Study of DNA bending and curvature
An analysis of DNA bending and curvature was carried out, by MD simulation on structures of three, ∼thirty basepair long sequences, namely, d(G-3(CA4T4G)-C)2, d(G-3(CT4A4G)-C)2and d(T-GACTA5T-GACTA6T-GACTA5T-G). For each molecule, snapshots belonging to a particular global geometry (linear, curved, bent in a particular direction etc.) were grouped together, and the average values of the dinucleotide step parameters for different groups were compared. It was observed that for all the three molecules, the average values for groups corresponding to different global geometries were within 1of each other, indicating that ensemble average values of dinucleotide level parameters are incapable of predicting the global geometry of a DNA molecule.

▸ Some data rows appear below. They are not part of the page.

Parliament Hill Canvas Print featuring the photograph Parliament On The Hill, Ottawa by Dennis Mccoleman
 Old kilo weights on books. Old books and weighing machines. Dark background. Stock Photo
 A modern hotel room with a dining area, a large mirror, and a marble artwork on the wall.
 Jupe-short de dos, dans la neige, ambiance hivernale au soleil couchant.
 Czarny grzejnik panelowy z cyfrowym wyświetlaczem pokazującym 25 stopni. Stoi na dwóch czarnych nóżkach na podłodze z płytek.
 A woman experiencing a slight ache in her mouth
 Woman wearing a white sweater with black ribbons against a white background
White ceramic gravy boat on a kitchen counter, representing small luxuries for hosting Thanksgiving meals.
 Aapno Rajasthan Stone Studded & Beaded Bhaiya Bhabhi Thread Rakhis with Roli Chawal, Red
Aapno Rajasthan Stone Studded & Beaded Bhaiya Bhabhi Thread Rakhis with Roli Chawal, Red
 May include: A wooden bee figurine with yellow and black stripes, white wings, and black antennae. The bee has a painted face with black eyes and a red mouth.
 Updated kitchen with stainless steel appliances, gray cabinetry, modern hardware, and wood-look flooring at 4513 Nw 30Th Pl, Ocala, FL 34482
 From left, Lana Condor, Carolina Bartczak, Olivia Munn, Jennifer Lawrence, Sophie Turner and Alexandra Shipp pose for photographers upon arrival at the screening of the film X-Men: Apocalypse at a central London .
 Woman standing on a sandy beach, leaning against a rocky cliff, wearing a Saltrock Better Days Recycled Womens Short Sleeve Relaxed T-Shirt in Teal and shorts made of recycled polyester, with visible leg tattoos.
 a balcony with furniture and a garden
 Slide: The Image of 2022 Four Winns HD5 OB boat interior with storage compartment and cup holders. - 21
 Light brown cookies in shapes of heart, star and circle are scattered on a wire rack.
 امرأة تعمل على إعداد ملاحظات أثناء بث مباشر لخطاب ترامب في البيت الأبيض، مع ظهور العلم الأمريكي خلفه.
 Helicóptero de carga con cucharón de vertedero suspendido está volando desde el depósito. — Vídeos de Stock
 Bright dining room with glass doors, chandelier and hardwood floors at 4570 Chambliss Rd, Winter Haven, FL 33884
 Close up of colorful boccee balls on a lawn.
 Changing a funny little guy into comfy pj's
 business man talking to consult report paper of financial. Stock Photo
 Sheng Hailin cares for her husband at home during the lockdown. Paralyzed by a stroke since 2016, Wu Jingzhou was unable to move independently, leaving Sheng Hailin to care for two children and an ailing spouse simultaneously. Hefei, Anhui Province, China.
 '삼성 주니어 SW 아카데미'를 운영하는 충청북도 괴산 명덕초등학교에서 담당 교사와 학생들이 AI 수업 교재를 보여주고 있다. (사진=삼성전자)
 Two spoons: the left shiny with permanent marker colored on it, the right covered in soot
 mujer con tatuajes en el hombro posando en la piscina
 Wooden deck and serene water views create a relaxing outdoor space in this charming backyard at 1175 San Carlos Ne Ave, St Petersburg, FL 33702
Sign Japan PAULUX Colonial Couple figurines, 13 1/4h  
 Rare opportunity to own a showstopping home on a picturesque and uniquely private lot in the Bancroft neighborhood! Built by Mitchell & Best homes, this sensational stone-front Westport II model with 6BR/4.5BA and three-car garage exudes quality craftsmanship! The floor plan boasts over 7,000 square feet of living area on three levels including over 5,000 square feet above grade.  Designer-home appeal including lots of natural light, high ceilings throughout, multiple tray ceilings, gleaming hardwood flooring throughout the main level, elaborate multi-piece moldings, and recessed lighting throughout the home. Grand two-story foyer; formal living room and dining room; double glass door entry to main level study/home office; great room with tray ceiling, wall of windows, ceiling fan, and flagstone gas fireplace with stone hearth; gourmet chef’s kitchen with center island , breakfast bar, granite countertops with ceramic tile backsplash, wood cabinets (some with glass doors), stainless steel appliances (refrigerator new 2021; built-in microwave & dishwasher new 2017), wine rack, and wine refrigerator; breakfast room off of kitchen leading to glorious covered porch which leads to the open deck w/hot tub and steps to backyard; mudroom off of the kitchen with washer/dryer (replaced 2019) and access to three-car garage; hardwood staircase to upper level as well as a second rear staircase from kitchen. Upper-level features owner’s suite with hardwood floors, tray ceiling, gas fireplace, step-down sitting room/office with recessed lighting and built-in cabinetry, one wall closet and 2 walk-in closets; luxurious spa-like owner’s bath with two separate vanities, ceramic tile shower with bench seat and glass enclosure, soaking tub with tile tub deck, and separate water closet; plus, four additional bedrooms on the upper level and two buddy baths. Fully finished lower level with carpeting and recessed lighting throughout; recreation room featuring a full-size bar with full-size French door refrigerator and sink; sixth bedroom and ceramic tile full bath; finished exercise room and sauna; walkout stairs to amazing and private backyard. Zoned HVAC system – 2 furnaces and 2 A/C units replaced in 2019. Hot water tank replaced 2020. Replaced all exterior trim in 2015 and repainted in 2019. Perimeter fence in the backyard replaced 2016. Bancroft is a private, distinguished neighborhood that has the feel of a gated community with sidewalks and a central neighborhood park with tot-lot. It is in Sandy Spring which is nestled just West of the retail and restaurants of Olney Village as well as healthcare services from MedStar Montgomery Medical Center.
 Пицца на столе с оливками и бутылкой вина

Study of the TraR-Trabox complex
The study on DNA bending and curvature was followed by simulations of a protein-DNA complex comprising of the bacterial quorum sensing transcription factor TraR with its promoter region known as Trabox. Simulations of a protein-free wild-type Trabox and a Trabox with two mutations in the spacer region were also carried out. Grouping of DNA snapshots in all the three simulations based on average values of dinucleotide parameters in the spacer region shows how selection of the ‘right’ DNA geometry by proteins works at several levels. The number of snapshots of free mutated Trabox assuming a geometry favourable for protein-binding in terms of average twist alone are less than one-fourth of the corresponding number for free wild-type Trabox. When one applies further selection criteria in terms of other parameters such as roll and slide, the number of mutated Trabox snapshots with a geometry favourable for protein-binding drops to less than 0.5%ofthe total number of MD snapshots. Thus our results highlight how sequence-dependent changes in the structrure of DNA regions, adjacent to those that directly hydrogen-bond to proteins, can also critically influence processes such as transcription.
General Conclusion
Overall, our results indicate that intrinsic, sequence-dependent structural variations in free B-DNA allow it to sample a large volume of the double-helical conformational space, and assume global geometries that can accomodate most DNA-binding proteins.